WORK ORDER:
Restate word for word the lines of the entries below, starting with the line that holds "Coachella 2026: Nine" and ending with the line that holds "Koupelna v ubytování", and no others.

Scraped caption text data
:::::

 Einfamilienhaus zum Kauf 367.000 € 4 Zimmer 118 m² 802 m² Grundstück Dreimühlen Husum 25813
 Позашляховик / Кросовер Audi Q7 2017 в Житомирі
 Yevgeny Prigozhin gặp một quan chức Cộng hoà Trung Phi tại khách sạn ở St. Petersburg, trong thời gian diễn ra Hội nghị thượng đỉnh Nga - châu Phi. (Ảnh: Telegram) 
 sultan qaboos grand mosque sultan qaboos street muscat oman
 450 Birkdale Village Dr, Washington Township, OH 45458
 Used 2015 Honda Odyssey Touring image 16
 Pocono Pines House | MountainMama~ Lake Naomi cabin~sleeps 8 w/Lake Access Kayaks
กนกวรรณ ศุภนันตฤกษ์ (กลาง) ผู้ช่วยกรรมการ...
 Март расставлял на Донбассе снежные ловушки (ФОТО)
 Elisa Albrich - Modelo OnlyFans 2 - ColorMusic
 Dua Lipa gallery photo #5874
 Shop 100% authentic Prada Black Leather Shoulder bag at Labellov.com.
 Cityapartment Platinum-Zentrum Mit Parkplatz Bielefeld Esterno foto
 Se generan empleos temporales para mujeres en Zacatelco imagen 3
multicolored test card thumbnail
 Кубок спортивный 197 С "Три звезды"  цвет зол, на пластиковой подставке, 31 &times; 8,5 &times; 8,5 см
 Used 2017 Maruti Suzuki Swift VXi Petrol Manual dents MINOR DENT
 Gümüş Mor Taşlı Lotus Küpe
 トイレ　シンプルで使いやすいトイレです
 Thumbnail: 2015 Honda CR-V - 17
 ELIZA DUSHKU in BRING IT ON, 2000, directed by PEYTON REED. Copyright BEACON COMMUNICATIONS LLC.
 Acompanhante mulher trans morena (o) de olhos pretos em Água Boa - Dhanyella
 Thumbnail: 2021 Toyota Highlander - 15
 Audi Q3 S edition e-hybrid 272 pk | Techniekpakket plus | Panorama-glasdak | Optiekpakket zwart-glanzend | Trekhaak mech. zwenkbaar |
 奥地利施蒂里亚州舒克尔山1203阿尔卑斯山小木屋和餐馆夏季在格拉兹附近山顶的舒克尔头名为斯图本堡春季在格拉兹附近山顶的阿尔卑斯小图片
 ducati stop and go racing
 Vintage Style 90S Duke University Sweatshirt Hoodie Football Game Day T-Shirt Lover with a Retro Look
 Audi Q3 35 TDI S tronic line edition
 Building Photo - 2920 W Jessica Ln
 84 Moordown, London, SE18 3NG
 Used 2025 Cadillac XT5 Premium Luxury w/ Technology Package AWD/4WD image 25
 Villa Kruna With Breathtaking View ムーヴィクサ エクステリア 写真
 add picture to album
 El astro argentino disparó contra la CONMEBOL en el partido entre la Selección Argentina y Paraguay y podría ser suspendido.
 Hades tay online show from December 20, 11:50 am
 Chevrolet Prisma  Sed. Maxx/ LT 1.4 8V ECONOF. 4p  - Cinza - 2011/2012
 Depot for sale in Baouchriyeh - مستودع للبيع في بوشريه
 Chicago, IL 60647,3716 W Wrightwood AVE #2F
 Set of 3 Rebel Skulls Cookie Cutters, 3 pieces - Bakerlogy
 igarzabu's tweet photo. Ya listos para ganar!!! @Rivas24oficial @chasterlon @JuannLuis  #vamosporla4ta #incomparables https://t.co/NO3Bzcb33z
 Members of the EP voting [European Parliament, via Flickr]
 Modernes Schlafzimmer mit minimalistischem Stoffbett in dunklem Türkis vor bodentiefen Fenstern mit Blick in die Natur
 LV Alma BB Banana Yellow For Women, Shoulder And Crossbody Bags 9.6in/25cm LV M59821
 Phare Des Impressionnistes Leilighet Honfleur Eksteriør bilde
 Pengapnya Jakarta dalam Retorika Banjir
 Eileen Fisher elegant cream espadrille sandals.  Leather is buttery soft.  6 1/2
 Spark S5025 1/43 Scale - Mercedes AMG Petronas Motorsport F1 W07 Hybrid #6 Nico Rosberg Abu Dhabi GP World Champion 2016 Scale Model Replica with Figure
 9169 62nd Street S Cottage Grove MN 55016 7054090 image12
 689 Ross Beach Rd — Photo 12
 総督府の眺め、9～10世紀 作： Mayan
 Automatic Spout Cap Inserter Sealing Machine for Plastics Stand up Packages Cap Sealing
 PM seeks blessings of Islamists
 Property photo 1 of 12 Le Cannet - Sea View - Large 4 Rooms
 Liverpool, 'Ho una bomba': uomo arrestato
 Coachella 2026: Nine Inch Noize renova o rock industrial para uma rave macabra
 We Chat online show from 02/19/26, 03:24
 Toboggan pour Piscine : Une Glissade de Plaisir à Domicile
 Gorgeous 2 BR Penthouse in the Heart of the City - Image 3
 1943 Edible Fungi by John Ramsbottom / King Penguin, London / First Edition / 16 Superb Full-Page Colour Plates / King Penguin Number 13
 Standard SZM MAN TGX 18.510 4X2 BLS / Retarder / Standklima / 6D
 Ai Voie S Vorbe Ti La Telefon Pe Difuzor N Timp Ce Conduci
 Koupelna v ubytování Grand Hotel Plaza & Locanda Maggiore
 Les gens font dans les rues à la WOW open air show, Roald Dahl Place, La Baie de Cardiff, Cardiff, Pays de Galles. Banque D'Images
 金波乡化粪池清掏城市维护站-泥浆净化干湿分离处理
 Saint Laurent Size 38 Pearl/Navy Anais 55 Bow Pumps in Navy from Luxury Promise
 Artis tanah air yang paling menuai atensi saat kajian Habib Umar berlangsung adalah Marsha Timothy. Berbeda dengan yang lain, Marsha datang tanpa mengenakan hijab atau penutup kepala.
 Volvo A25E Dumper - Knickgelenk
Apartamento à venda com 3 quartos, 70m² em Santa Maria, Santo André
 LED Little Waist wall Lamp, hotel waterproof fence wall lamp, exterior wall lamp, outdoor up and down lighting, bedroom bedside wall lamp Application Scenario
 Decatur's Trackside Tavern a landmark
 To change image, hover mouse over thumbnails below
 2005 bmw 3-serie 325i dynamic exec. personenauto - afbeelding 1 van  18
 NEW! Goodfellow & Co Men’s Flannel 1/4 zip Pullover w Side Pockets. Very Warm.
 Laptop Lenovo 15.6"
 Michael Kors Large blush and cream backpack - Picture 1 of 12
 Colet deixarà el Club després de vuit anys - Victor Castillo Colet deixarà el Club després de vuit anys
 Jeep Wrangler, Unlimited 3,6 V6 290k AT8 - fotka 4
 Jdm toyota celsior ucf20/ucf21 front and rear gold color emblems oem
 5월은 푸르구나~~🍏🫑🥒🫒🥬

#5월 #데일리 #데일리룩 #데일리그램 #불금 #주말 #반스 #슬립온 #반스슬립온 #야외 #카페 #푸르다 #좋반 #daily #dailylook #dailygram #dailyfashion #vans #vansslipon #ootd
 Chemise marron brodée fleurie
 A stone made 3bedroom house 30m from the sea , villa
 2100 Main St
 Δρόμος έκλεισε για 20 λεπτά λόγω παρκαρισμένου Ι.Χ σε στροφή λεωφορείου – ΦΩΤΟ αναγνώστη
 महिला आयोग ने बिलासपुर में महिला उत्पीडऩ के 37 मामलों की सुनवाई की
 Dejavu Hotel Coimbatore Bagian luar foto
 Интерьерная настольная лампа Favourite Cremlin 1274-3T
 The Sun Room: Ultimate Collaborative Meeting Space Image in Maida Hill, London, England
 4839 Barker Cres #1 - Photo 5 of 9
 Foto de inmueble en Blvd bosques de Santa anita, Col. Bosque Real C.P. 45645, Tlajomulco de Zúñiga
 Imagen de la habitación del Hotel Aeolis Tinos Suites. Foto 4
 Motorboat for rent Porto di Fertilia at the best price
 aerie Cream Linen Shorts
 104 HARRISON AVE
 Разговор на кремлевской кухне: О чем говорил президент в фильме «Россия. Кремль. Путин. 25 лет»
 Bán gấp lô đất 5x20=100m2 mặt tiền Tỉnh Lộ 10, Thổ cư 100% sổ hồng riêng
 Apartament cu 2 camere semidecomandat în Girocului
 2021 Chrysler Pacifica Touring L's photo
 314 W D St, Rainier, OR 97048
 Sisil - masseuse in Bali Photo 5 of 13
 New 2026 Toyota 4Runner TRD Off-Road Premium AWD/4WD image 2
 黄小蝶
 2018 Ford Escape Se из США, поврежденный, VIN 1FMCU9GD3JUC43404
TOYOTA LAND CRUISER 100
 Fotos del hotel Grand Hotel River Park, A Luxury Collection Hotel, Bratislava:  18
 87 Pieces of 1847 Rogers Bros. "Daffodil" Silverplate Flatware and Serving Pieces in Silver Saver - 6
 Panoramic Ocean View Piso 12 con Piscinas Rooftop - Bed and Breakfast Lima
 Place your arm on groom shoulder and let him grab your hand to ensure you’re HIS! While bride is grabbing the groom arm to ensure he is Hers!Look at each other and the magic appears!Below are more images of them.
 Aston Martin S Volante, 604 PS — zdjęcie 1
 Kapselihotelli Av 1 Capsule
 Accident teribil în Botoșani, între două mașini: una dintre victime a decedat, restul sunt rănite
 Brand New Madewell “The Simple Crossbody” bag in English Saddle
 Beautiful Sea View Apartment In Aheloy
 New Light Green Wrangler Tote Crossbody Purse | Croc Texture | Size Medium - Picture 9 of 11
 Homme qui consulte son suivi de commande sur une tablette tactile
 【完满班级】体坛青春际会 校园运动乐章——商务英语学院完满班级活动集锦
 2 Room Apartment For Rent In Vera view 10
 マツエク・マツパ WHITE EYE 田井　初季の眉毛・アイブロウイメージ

:::::

FINISHED TASK:
 Coachella 2026: Nine Inch Noize renova o rock industrial para uma rave macabra
 We Chat online show from 02/19/26, 03:24
 Toboggan pour Piscine : Une Glissade de Plaisir à Domicile
 Gorgeous 2 BR Penthouse in the Heart of the City - Image 3
 1943 Edible Fungi by John Ramsbottom / King Penguin, London / First Edition / 16 Superb Full-Page Colour Plates / King Penguin Number 13
 Standard SZM MAN TGX 18.510 4X2 BLS / Retarder / Standklima / 6D
 Ai Voie S Vorbe Ti La Telefon Pe Difuzor N Timp Ce Conduci
 Koupelna v ubytování Grand Hotel Plaza & Locanda Maggiore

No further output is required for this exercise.